* Task input

◆ ◆ ◆ ◆ ◆

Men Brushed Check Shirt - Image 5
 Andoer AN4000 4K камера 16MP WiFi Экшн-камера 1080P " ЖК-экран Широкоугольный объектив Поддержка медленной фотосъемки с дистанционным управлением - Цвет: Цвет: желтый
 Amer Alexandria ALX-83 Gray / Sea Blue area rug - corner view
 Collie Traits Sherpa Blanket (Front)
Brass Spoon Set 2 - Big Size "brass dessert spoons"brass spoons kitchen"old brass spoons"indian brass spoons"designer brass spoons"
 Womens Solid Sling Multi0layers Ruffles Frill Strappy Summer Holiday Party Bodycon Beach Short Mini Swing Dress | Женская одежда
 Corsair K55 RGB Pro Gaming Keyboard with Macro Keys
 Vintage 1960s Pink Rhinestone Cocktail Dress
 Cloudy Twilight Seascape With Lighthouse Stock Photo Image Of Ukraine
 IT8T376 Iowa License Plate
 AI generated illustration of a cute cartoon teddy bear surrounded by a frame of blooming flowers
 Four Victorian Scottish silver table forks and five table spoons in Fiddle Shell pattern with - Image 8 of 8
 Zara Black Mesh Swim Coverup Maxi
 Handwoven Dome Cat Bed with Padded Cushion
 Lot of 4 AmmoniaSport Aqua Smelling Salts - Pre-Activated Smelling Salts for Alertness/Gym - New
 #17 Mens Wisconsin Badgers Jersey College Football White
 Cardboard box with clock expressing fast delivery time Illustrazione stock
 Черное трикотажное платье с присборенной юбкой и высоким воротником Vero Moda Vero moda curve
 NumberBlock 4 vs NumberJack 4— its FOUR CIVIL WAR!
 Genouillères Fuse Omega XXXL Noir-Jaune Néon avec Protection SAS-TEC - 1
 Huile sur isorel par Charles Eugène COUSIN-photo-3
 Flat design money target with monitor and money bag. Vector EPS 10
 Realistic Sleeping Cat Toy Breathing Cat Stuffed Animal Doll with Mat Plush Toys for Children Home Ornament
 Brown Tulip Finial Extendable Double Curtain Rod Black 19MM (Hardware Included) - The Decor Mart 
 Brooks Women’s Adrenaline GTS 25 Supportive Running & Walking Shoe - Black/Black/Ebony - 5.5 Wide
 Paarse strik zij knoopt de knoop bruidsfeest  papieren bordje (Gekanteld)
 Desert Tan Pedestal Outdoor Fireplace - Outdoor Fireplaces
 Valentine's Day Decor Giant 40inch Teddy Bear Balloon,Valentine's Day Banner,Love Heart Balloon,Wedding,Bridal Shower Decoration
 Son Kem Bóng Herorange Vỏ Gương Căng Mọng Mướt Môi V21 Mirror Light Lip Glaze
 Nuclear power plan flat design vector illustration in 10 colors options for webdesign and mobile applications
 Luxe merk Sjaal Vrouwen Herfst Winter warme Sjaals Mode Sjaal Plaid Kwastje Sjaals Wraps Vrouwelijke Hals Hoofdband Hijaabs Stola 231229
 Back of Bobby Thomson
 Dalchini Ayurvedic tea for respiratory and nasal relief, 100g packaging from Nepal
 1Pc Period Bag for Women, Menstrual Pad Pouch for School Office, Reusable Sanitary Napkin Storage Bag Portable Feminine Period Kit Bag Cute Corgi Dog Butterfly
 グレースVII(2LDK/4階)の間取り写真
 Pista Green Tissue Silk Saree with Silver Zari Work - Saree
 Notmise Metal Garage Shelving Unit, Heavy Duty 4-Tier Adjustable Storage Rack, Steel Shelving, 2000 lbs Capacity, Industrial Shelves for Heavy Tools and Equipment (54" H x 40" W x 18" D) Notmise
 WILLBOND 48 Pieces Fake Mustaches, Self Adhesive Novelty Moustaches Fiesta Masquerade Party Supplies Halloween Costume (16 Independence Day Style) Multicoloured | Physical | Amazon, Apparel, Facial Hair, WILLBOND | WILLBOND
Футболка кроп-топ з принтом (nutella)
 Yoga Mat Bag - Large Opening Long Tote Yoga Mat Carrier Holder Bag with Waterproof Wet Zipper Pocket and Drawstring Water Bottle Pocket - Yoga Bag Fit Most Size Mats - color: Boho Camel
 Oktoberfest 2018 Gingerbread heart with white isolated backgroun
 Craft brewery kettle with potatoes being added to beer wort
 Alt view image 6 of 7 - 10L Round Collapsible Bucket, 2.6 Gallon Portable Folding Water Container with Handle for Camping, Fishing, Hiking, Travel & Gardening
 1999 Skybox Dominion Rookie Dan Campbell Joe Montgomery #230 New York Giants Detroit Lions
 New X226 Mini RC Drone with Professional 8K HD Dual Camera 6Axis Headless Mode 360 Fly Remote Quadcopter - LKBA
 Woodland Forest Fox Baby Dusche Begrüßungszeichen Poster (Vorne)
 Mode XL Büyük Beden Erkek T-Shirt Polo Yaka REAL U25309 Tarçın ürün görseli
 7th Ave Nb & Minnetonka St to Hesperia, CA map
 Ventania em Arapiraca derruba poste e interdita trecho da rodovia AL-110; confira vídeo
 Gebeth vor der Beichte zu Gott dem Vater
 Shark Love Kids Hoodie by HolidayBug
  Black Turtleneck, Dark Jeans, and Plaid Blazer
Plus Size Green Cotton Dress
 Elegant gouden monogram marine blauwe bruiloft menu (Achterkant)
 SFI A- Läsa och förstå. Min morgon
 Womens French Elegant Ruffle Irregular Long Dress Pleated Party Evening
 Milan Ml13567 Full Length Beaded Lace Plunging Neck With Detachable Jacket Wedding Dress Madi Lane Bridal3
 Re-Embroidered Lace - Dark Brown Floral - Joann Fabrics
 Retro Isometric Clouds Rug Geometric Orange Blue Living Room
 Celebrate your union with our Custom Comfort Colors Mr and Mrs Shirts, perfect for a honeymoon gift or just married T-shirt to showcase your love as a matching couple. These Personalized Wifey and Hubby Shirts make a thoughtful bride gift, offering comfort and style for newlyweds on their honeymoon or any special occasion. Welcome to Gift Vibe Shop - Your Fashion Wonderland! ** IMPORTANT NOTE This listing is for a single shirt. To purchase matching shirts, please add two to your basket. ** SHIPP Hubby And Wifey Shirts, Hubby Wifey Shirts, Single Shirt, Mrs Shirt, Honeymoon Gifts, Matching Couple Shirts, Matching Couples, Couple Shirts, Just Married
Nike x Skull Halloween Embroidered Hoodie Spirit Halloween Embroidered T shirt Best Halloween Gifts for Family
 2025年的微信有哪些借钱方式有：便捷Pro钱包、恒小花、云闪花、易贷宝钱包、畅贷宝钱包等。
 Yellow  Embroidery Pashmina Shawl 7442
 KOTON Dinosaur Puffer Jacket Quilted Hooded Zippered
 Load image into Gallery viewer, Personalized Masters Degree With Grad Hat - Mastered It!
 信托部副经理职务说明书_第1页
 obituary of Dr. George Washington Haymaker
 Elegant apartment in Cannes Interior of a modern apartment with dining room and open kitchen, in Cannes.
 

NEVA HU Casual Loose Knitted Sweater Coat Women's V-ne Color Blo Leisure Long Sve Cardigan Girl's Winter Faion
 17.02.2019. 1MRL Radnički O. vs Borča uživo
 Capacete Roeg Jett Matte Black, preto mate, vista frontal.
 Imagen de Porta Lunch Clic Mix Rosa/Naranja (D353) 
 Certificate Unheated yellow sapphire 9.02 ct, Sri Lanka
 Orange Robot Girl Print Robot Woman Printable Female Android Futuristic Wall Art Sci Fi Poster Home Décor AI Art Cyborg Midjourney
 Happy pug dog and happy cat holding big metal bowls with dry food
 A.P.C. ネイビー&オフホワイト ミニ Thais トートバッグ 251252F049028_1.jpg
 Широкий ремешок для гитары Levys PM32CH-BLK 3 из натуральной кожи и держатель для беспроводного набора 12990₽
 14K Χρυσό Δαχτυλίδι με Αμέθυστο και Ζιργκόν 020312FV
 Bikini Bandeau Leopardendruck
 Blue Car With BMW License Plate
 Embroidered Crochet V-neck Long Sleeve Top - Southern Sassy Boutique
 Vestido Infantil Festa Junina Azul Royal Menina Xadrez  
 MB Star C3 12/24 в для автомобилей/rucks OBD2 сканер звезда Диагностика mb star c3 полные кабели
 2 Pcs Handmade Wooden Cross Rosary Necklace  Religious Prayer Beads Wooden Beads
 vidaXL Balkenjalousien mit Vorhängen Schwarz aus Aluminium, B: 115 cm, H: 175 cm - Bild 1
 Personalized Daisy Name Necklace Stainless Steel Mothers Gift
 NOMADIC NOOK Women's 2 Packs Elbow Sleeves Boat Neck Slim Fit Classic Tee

◆ ◆ ◆ ◆ ◆

* Problem statement
From the records above, quote only the lines running from the line with "Certificate Unheated yellow" to the line with "14K Χρυσό Δαχτυλίδι", both lines included.

* Task output
 Certificate Unheated yellow sapphire 9.02 ct, Sri Lanka
 Orange Robot Girl Print Robot Woman Printable Female Android Futuristic Wall Art Sci Fi Poster Home Décor AI Art Cyborg Midjourney
 Happy pug dog and happy cat holding big metal bowls with dry food
 A.P.C. ネイビー&オフホワイト ミニ Thais トートバッグ 251252F049028_1.jpg
 Широкий ремешок для гитары Levys PM32CH-BLK 3 из натуральной кожи и держатель для беспроводного набора 12990₽
 14K Χρυσό Δαχτυλίδι με Αμέθυστο και Ζιργκόν 020312FV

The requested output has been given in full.